I am a fan of The Who. And by “fan” I mean I really liked the song “Teenage Wasteland” when it played in The Girl Next Door (2004), and casually enjoyed Tommy (1975) one time when I was younger. I am, however, an avid fan of documentaries, and certainly enjoy those made about musicians. A good music documentary will make you crave the band’s music during and after watching, even if you had never previously listened to them. (For me, this was Brian Jonestown Massacre, featured in Dig! .) Lambert and Stamp has many promising components to it, but unfortunately remains uninspired and flat.
Really, the documentary is less about the forming of The Who, and more the two aspiring filmmakers that molded and managed them, Kit Lambert and Chris Stamp. Both had a penchant for the French New Wave trend, but struggled to find a way to break into the filmmaking business. Their solution was to find an unknown band, manage them, and film the entire process. The archival footage of their discovery and The Who’s early years are where this documentary really shines. In fact, the film would most likely be ten times more interesting if it was the actual film made by Lambert and Stamp, instead of about them making the movie.

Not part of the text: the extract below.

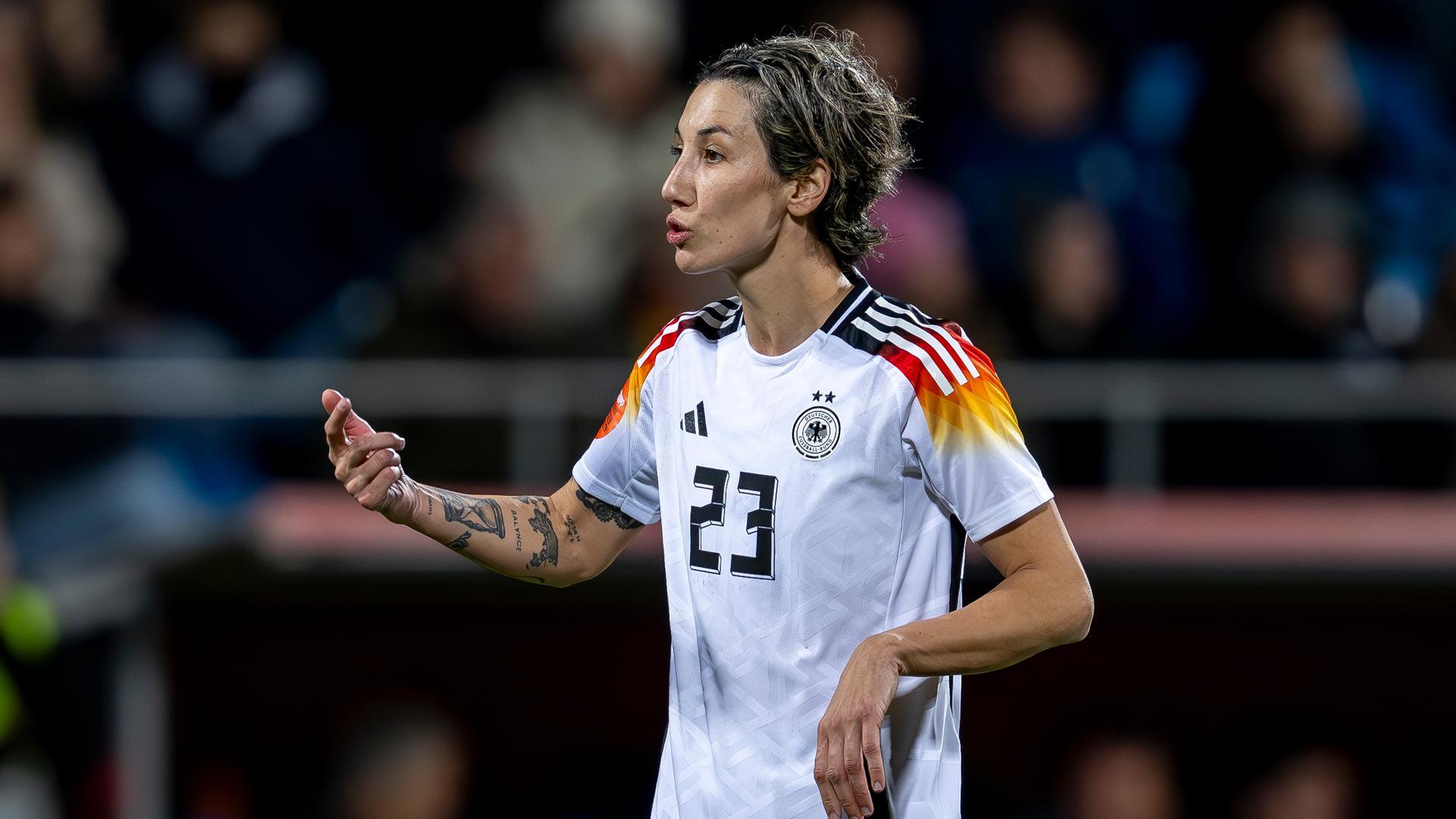 Deutschlands Fußballspielerin Sara Doorsoun gibt Anweisungen. 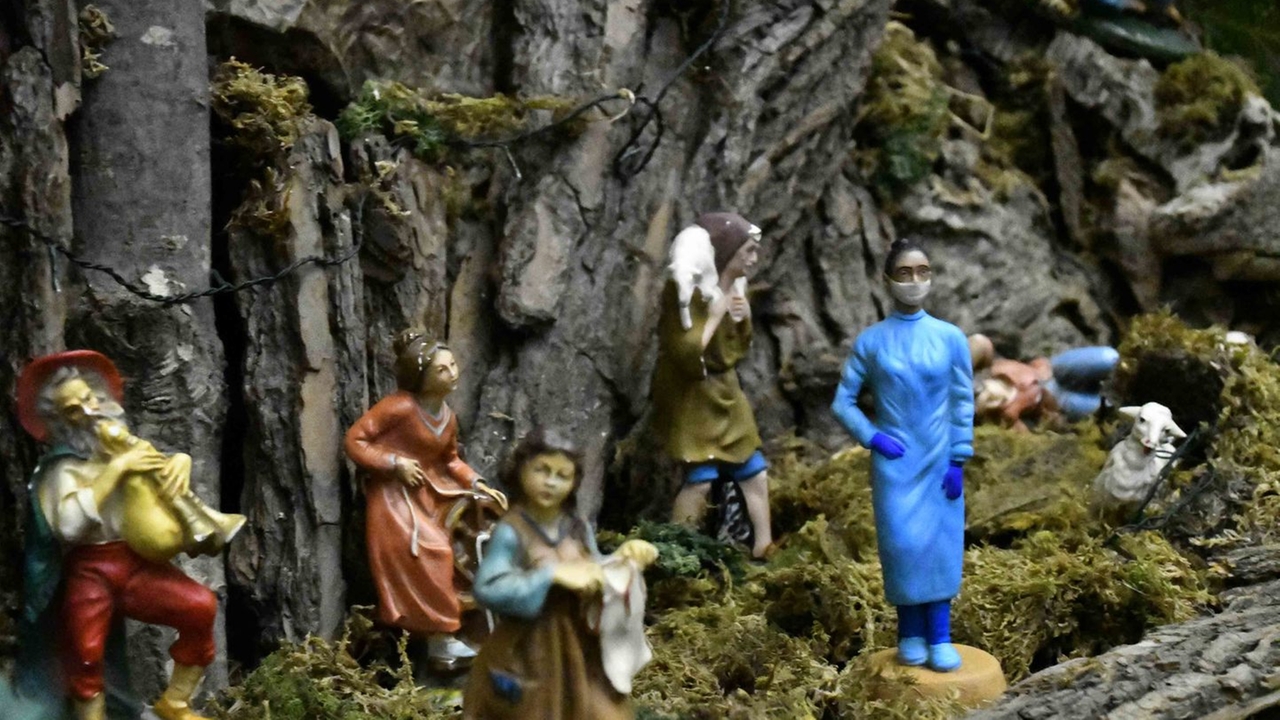 L'infermiera anti-Covin nel presepe del Duomo di Massa (Nizza)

Sandwiched between the rich segments of The Who playing performing at the time they were discovered (when they were still called The High Numbers), and impressive interviews with a multi-lingual Kit Lambert, there are countless present day talking heads. Unfortunately, not the good Talking Heads—just interview after interview with those still alive: charismatic Chris Stamp, Pete Townshend, Roger Daltrey, and a few other people integral to the band. There isn’t anything inherently wrong with these interviews, aside from the fact they begin to all blend together. These segments are not at all aided by the bland set up, and arbitrary, occasional switch to black and white for current day. The archival material makes this a must-see for any major fan of The Who, or anyone curious to know their origin story. For anyone else, it’s a mild mannered doc that runs about forty minutes too long.
Lambert and Stamp opens in Philly area theaters today.